The problem -
The data beneath this task is to be duplicated exactly, in its entirety.

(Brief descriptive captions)
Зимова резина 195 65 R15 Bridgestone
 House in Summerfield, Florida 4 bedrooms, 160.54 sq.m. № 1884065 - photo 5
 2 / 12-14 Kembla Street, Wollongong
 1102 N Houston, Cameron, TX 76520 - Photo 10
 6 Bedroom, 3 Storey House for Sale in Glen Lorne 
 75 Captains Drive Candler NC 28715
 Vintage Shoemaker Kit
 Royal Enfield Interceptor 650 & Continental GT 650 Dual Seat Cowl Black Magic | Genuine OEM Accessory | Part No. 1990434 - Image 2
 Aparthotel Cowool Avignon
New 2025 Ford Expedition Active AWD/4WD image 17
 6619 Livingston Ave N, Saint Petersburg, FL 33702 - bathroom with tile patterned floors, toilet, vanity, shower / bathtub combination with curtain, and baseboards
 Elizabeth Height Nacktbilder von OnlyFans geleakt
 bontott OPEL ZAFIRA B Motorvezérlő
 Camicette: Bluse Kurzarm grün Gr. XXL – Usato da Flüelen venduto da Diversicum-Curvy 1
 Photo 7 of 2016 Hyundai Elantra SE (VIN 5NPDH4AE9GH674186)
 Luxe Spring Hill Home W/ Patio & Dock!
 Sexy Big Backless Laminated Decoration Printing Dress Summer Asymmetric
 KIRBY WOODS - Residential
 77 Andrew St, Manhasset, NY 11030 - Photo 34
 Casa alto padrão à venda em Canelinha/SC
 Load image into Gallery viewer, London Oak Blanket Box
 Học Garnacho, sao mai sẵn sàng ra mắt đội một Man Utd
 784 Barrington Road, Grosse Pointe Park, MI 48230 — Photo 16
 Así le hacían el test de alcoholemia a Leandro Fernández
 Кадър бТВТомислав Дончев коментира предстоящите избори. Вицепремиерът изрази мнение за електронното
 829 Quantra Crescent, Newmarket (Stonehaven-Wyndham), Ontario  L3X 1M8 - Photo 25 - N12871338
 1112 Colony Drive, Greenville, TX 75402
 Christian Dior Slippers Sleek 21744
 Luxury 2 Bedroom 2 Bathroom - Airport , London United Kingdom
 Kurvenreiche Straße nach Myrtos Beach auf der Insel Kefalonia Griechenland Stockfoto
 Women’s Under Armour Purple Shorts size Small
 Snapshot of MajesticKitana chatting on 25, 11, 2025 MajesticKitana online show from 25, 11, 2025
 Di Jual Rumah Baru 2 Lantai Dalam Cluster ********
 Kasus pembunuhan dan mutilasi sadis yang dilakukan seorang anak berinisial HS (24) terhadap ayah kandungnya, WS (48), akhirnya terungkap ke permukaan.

Answer -
Зимова резина 195 65 R15 Bridgestone
 House in Summerfield, Florida 4 bedrooms, 160.54 sq.m. № 1884065 - photo 5
 2 / 12-14 Kembla Street, Wollongong
 1102 N Houston, Cameron, TX 76520 - Photo 10
 6 Bedroom, 3 Storey House for Sale in Glen Lorne 
 75 Captains Drive Candler NC 28715
 Vintage Shoemaker Kit
 Royal Enfield Interceptor 650 & Continental GT 650 Dual Seat Cowl Black Magic | Genuine OEM Accessory | Part No. 1990434 - Image 2
 Aparthotel Cowool Avignon
New 2025 Ford Expedition Active AWD/4WD image 17
 6619 Livingston Ave N, Saint Petersburg, FL 33702 - bathroom with tile patterned floors, toilet, vanity, shower / bathtub combination with curtain, and baseboards
 Elizabeth Height Nacktbilder von OnlyFans geleakt
 bontott OPEL ZAFIRA B Motorvezérlő
 Camicette: Bluse Kurzarm grün Gr. XXL – Usato da Flüelen venduto da Diversicum-Curvy 1
 Photo 7 of 2016 Hyundai Elantra SE (VIN 5NPDH4AE9GH674186)
 Luxe Spring Hill Home W/ Patio & Dock!
 Sexy Big Backless Laminated Decoration Printing Dress Summer Asymmetric
 KIRBY WOODS - Residential
 77 Andrew St, Manhasset, NY 11030 - Photo 34
 Casa alto padrão à venda em Canelinha/SC
 Load image into Gallery viewer, London Oak Blanket Box
 Học Garnacho, sao mai sẵn sàng ra mắt đội một Man Utd
 784 Barrington Road, Grosse Pointe Park, MI 48230 — Photo 16
 Así le hacían el test de alcoholemia a Leandro Fernández
 Кадър бТВТомислав Дончев коментира предстоящите избори. Вицепремиерът изрази мнение за електронното
 829 Quantra Crescent, Newmarket (Stonehaven-Wyndham), Ontario  L3X 1M8 - Photo 25 - N12871338
 1112 Colony Drive, Greenville, TX 75402
 Christian Dior Slippers Sleek 21744
 Luxury 2 Bedroom 2 Bathroom - Airport , London United Kingdom
 Kurvenreiche Straße nach Myrtos Beach auf der Insel Kefalonia Griechenland Stockfoto
 Women’s Under Armour Purple Shorts size Small
 Snapshot of MajesticKitana chatting on 25, 11, 2025 MajesticKitana online show from 25, 11, 2025
 Di Jual Rumah Baru 2 Lantai Dalam Cluster ********
 Kasus pembunuhan dan mutilasi sadis yang dilakukan seorang anak berinisial HS (24) terhadap ayah kandungnya, WS (48), akhirnya terungkap ke permukaan.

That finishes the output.